[WORK TASK]: Would you retype the lines from the one that holds "Cole Wingback Headboard" to the final line of the entries below, both ends included and exactly as written, but without pictures?

[RECORDS]:
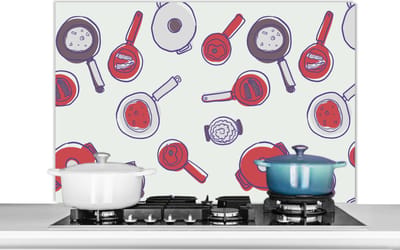 Spatscherm keuken 100x65 cm - Kookplaat achterwand Patroon - Koken - Pan - Eten - Muurbeschermer - Spatwand fornuis - Hoogwaardig aluminium
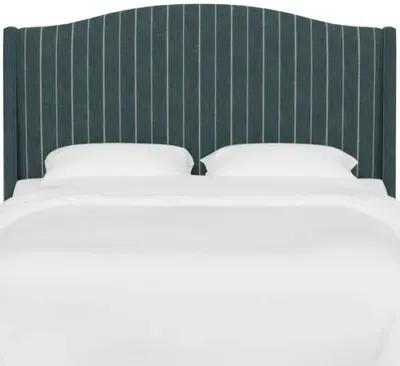 Cole Wingback Headboard - Pinstripe - Handcrafted - Blue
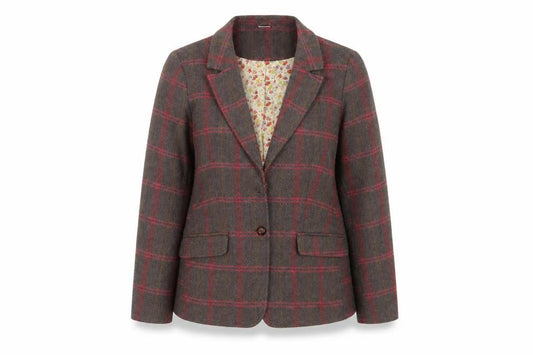 Cotton Traders Women’s Brown Check Wool Blend Blazer Size 12 Classic Fit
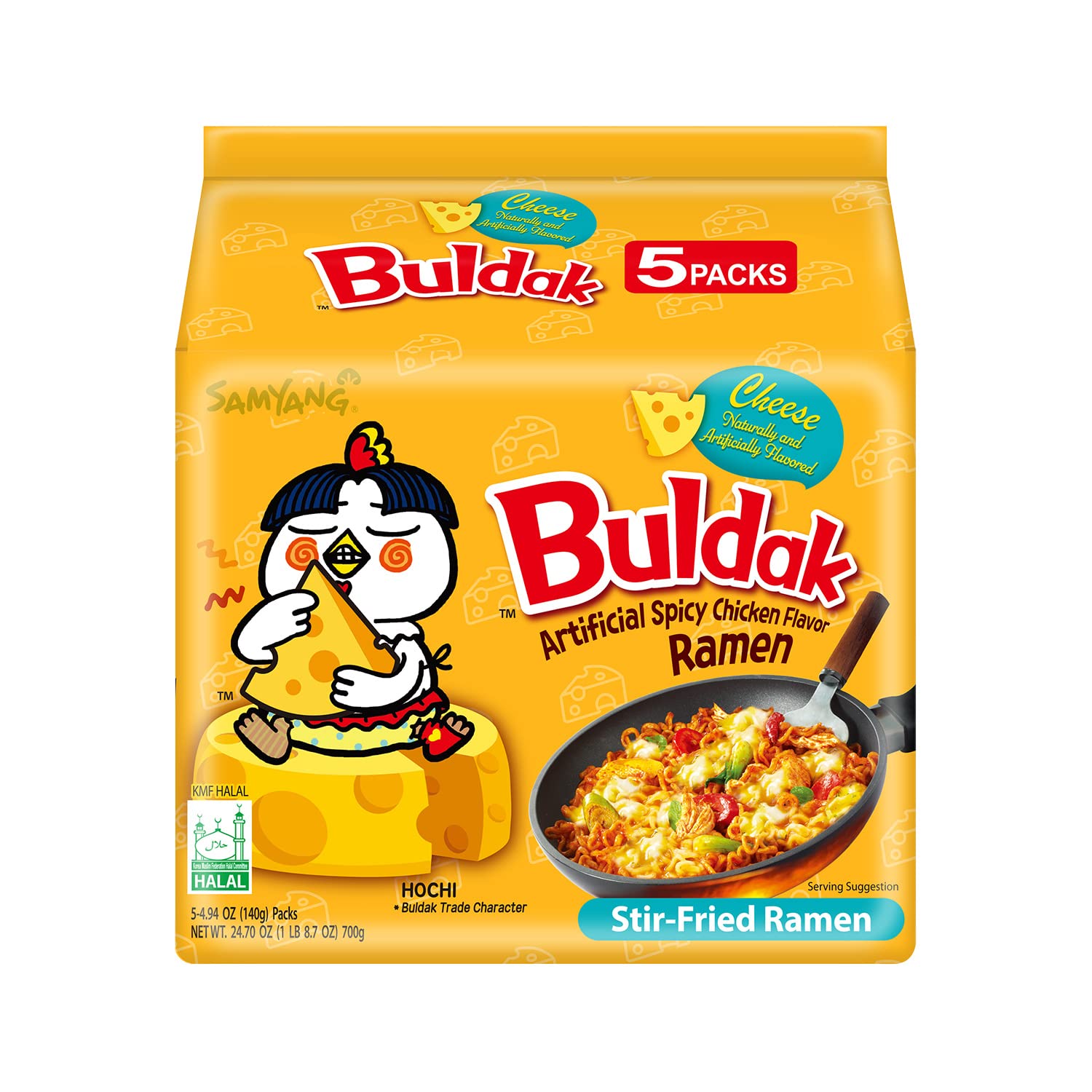 Samyang Buldak Cheese Spicy Hot Chicken Stir-Fried Noodles 4.94oz (Pack of 5)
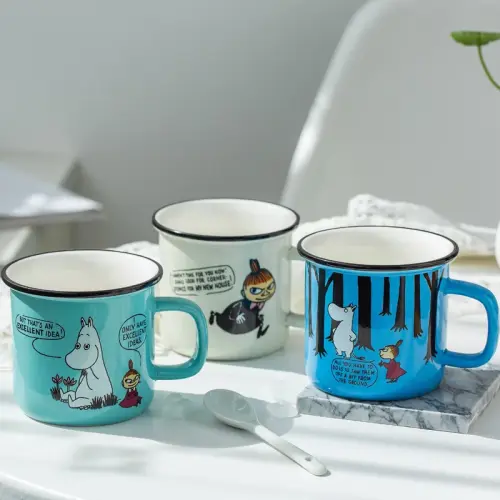300ML Cartoon Ceramic Mug Retro Imitation Enamel M...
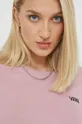 ružová Bavlnené tričko s dlhým rukávom Vans
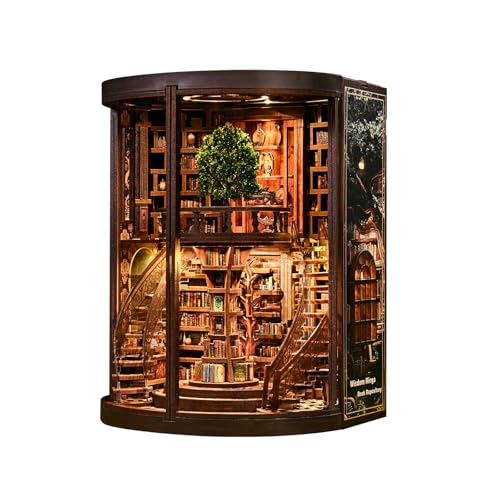 DIY Book Nook Kit with LED Lights | 3D Puzzles for Adults & Teens, Miniatures and Model Building Kits for Bookshelf Decor, Relaxing & Unique Gift for Craft Lovers | Wisdom Library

[OUTPUT FOR THIS EXERCISE]:
 Cole Wingback Headboard - Pinstripe - Handcrafted - Blue
 Cotton Traders Women’s Brown Check Wool Blend Blazer Size 12 Classic Fit
 Samyang Buldak Cheese Spicy Hot Chicken Stir-Fried Noodles 4.94oz (Pack of 5)
300ML Cartoon Ceramic Mug Retro Imitation Enamel M...
 ružová Bavlnené tričko s dlhým rukávom Vans
 DIY Book Nook Kit with LED Lights | 3D Puzzles for Adults & Teens, Miniatures and Model Building Kits for Bookshelf Decor, Relaxing & Unique Gift for Craft Lovers | Wisdom Library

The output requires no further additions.